Searle: You’re still missing my point. Instead of asking why I ended up in this brain, I’m asking why I started out in that random brain, and not in some other one. There’s no reason that it had to be that one.
Hofstadter: No, you’re the one who’s missing the point. The key point, uncomfortable for you though it will be, is that no one started out in that brain — no one at all. It was just as uninhabited as a swinging rope or whirlpool. But unlike those physical systems, it could perceive and evolve in sophistication, and so, as weeks, months, and years passed, there gradually came to be someone in there. But that personal identity didn’t suddenly appear full-blown; rather it slowly coalesced and came into focus, like a cloud in the sky or a condensation on a windowpane.
Searle: But who was that person destined to be? Why couldn’t it have been someone else?
Hofstadter: I’m coming to that. What slowly came to pervade that brain was a complicated set of mental tendencies and verbal habits that are now insistently repeating this question, “Why am I here and not there?” As you may notice, this brain here (mine, that is) doesn’t make its mouth ask that question over and over again. My brain is very different from your brain.
Searle: Are you telling me that it doesn’t make sense to ask the question, “Why am I here and not there?”

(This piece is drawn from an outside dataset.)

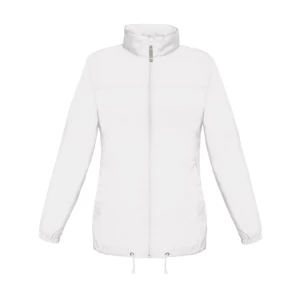 Women\u0027s\u0020Jacket\u0020Sirocco - White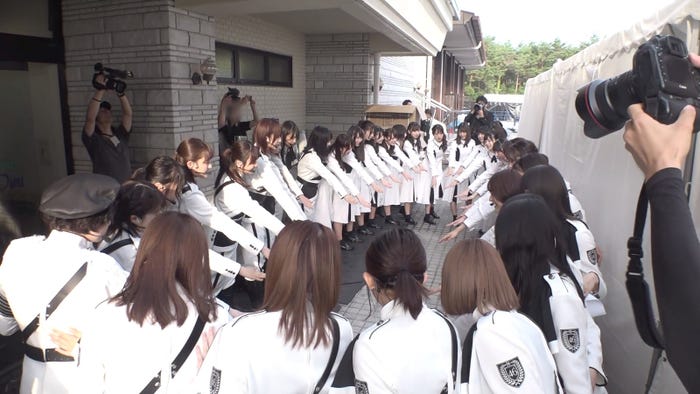 「The Documentary of 欅共和国2018」より(提供画像)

Hofstadter: Yes, I’m saying that, among other things. What makes all of this so counterintuitive — verging on the incomprehensible, at times — is that your brain (like mine, like everyone’s) has told itself a million times a self-reinforcing story whose central player is called “I”, and one of the most crucial aspects of this “I”, an aspect that is truly a sine qua non for “I”-ness, is that it fluently flits into other brains, at least partially. Out of intimacy, out of empathy, out of friendship, and out of relatedness (as well as for other reasons), your brain’s “I” continually makes darting little forays into other brains, seeing things to some extent from their point of view, and thus convincing itself that it could easily be housed in them. And then, quite naturally, it starts wondering why it isn’t housed in them.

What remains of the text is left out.